Perhaps one of the most essential elements of the tension between one and many is the title’s reference to ghosts. As Eve Tuck and C. Ree write in their essay A Glossary of Haunting, “haunting is the cost of subjugation. It is the price paid for violence, for genocide.”12 A Glossary of Haunting is written about ghosts in relation to decolonization, specifically from a Native American perspective. But the ghostly consequences of atrocity and violence can be applied to Ondaatje’s novel, as well. Although there are no literal ghosts in the book, there are many metaphorical ghosts. Throughout, there are descriptions of dead bodies without identity, of missing people who may or may not match them. The novel opens on Anil’s previous work in Guatemala, where she and her forensic team traveled through the western highlands after the civil war, digging up bodies for families to identify. For those families, “there was always the fear, double-edged, that it was their son in the pit, or that it was not their son––which meant there would be further searching…The possibility of their lost son was everywhere.”13 That possibility is a haunting. Every character in Anil’s Ghost has lost someone to the war, and such as the case of Ananda, many are left without a body to bury or identify. Gamini is further haunted by the hundreds of bodies he works with as a doctor, the lives he couldn’t save no matter how much he sacrificed. Ghosts are everywhere around them. 

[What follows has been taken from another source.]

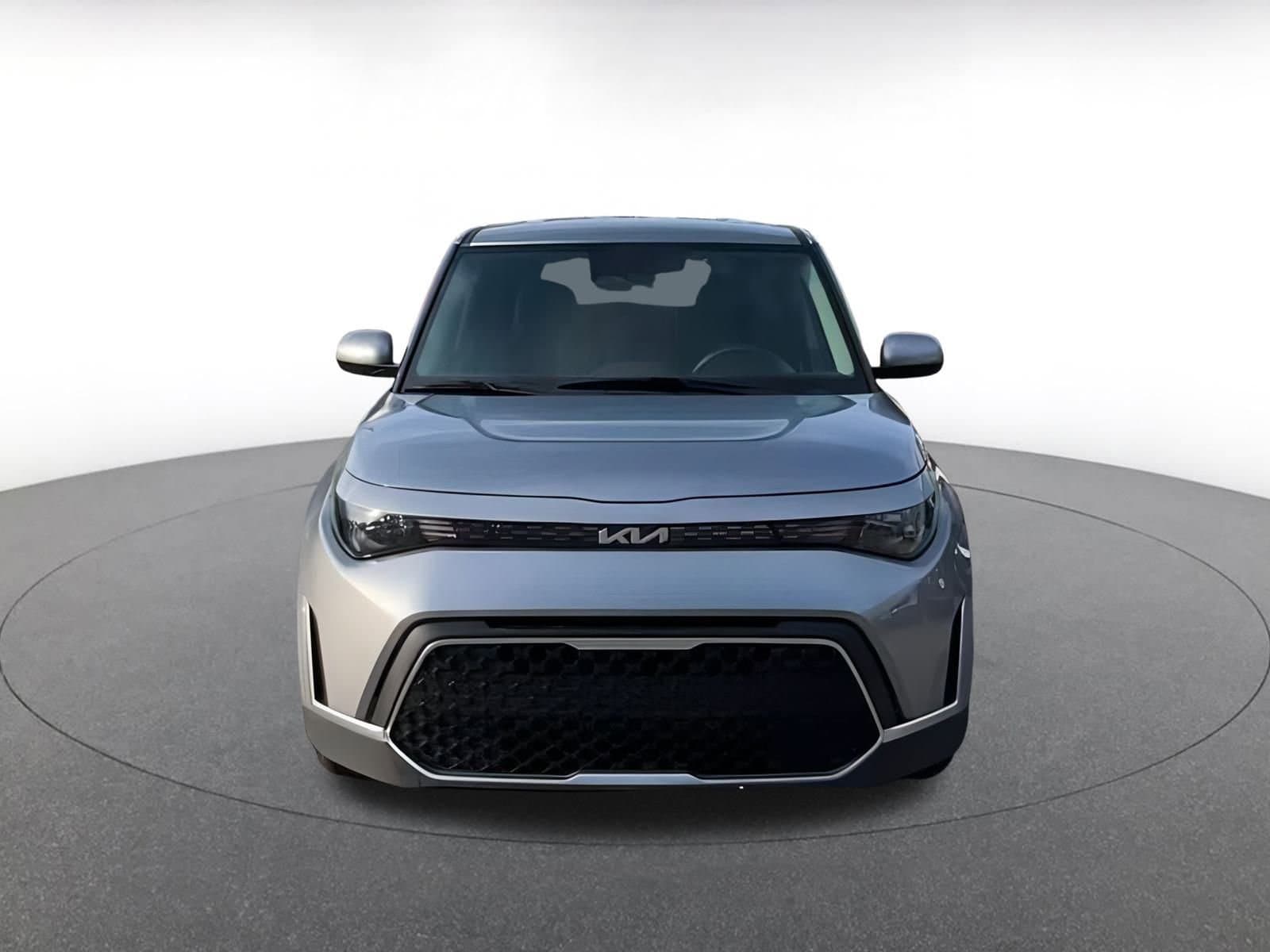 Thumbnail: 2024 Kia Soul - 4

In A Glossary of Haunting, it is established one of the main reasons ghosts haunt is to demand recognition for their lives as well as their deaths. A death that leaves a person’s body disfigured beyond recognition, buried somewhere to hide it from family and any chance of justice, erases the individual in a harrowing way. It is this very “erasure and defacement” that “concoct ghosts.”14 When a ghost comes back to haunt, it demands to be seen and forces those who it haunts to witness its pain. This is a way for someone who was lost in the many to manifest individuality. 

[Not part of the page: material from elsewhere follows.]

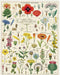 Vintage Inspired 1,000 Piece Puzzles | Cavallini & Co.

One individual ghost the novel focuses on is Sailor. Anil becomes obsessed with Sailor as the story unfolds, treating his skeleton as though there was still a person attached to it. While Ananda worked on replicating Sailor’s face, Anil would “lift Sailor into her arms, to remind herself that he was like her. Not just evidence, but someone with charms and flaws, part of a family, a member of a village.”15 Her goal is to find the identity of the skeleton––to prove who he was as an individual. This is an extension of her obsession with individuality; she believes that to solve the greater problem of government sanctioned violence, she must prove the individual experience of one skeleton. 

However, not every character is as interested in Sailor’s individuality. Anil and Sarath enlist a drunken artist, Ananda, to recreate Sailor’s face from the bone. However, rather than sculpting Sailor’s true face, Ananda sculpts “a peacefulness he would have wanted for any victim.”16 When Anil asks Sarath to explain Ananda’s drunkenness and strange behavior, he tells her that Ananda’s wife disappeared three years ago. Even after all that time, he was never able to find her or learn what happened to her. So, when he is given the task of making a face for this skeleton that was taken from its own family, he puts the identity of his wife and all those lost in the war into the sculpture. In that way, he puts the many over the one, thinking of what Sailor represents for the entire nation rather than Sailor’s personal identity. 

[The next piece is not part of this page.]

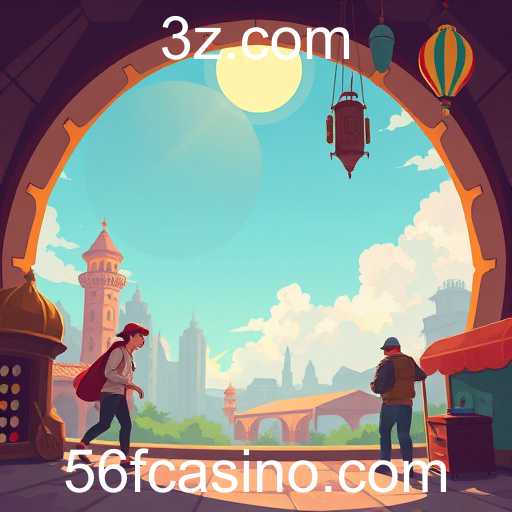 Explorando o Fascinante Mundo das Viagens em Jogos Online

Another aspect of Tuck and Ree’s essay is the Western idea that ghosts can and must be defeated, even if through reconciliation or simply being laid to rest. Like the hero of an American horror film, Anil wants to spend her time in Sri Lanka “righting wrongs, slaying the monster, burying the undead, performing the missing right” ––finding “a solution to the problem set of injustice.”17 She believes that proving the circumstances of Sailor’s death will not only bring him justice, but that it will bring justice to every other body killed by the government: “One victim can speak for many victims.”18However, the incomprehensible violence that led to the death of Sailor and so many others makes forgiveness and peaceful acceptance impossible. Instead, the response of the ghosts can only be to “wrong wrongs” as a way of demanding recognition and reclaiming power.19 As Ondaatje writes, “death, loss, was ‘unfinished,’ so you could not walk through it…all that was left of law was a belief in the eventual revenge towards those who had power.”20

The Western perspective on haunting discussed by Tuck and Ree can also be seen in the way that Gamini describes the ending of American and English stories. As Anil is preparing to go home, she remembers Gamini saying, “The American or the Englishman gets on a plane and leaves. That’s it. The camera leaves with him…So the war, for all purposes, is over. That’s enough reality for the West.”21 In both contexts, the Western hero seeks to find a perfect and simple solution to the issue, and then wash his hands of it and walk away into his normal life. 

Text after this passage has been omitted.